Nazarian / Curcio is pleased to present One Eye Shut, a solo exhibition of new wall and free-standing sculptures by New York-based artist Reuven Israel. This will be his fourth solo exhibition at the gallery.
Israel is known for his ongoing exploration of the physical and conceptual boundaries of sculpture and installation. His works are the result of painstaking craftsmanship, combining meticulous surfaces with illusionistic forms. This tension between the human-made and the industrial has become a hallmark of his practice.

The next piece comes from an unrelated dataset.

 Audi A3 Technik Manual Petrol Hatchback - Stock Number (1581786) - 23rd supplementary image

This exhibition unites two distinct yet related bodies of work, and its title, One Eye Shut, serves as a reference to the artist's newest wall-based works titled Aperture. These sculptures are built of multiple sections that expand and contract in the way that the lens of a camera opens and closes to capture light and thus the world around it. The forms contract into an hourglass shape and expand into a six-pointed star, with various configurations in between. Throughout the run of the exhibition, viewers will encounter these works in different positions, subtly shifting the presentation experience.

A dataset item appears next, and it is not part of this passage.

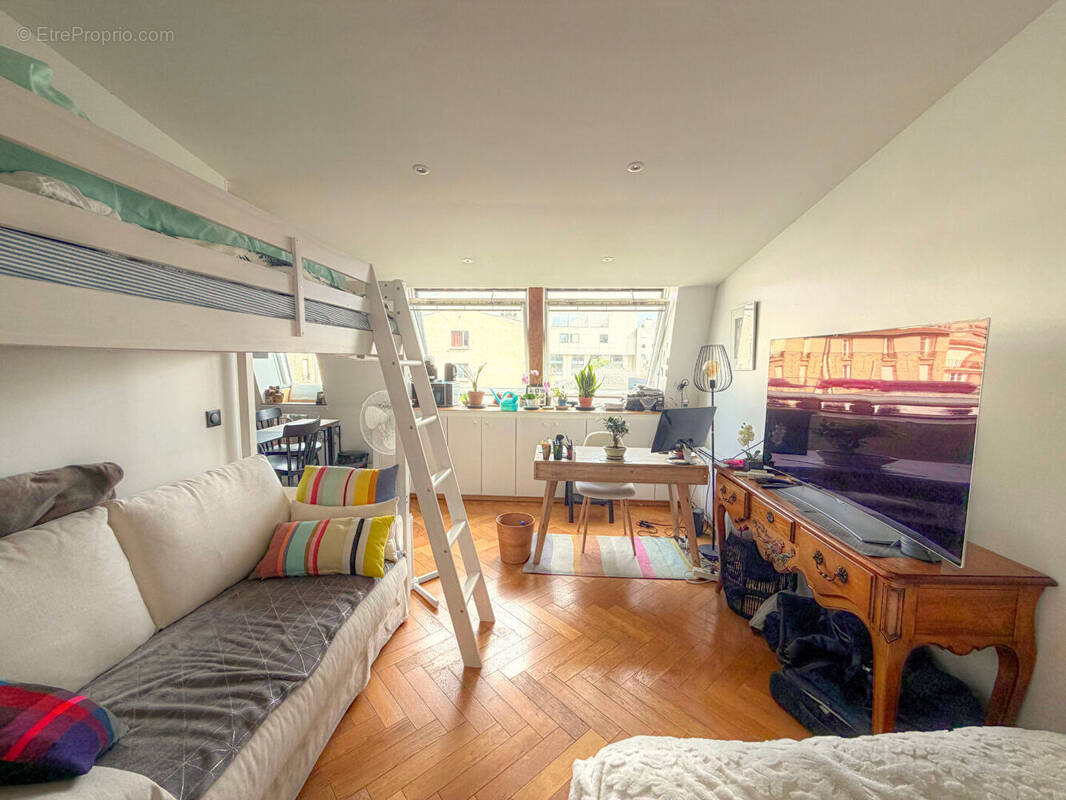 Appartement à LA GARENNE-COLOMBES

In addition to the wall works, the exhibition will feature SSS’s and SOS’s, a series of stand-alone sculptures presented on pedestals. Composed of meticulously shaped segments of hardwood laminated with bronze, brass, or aluminum and joined with bolts that allow for each segment to hinge, these works are modular and reconfigurable, folding down to a compact form and expanding to multiple shapes. Once unfolded, they take on various references, resembling the body, dancing flames, or serpents, while also suggesting the letters S-O-S: Save Our Ship.
Since the mid-2000s, cultural references have informed the abstract nature of Israel’s sculptures. Recent series have been inspired by forms found in ancient and contemporary architecture, religious and spiritual iconography, science fiction, and various craft movements. The sculptures in One Eye Shut continue this modality, with works like Aperture shifting between references to sacred geometry and the Star of David. However, they also serve as a sober warning, a call of distress and attention. Whether in the ominous black shapes of Aperture or the SOS sculptures’ call for help, these works and their nearly monochromatic palettes of blacks and earth tones, are heavy with emotional weight. However, the fact that the sculptures are reconfigurable and thus resist a static position serves to illuminate that our world is in constant flux, always with the potential to evolve. As the sculptures physically morph, they both adopt and shed the various political, cultural and religious symbols from which they derive their form.
Israel draws on the rich legacy of minimalism and monumental sculpture, calling attention to form, surface, color, scale, and the viewer’s relationship to the object in space and time. While his sculptures might evoke certain symbols, forms, or references, Israel allows space for his objects to remain autonomous, mysterious, and self-referential.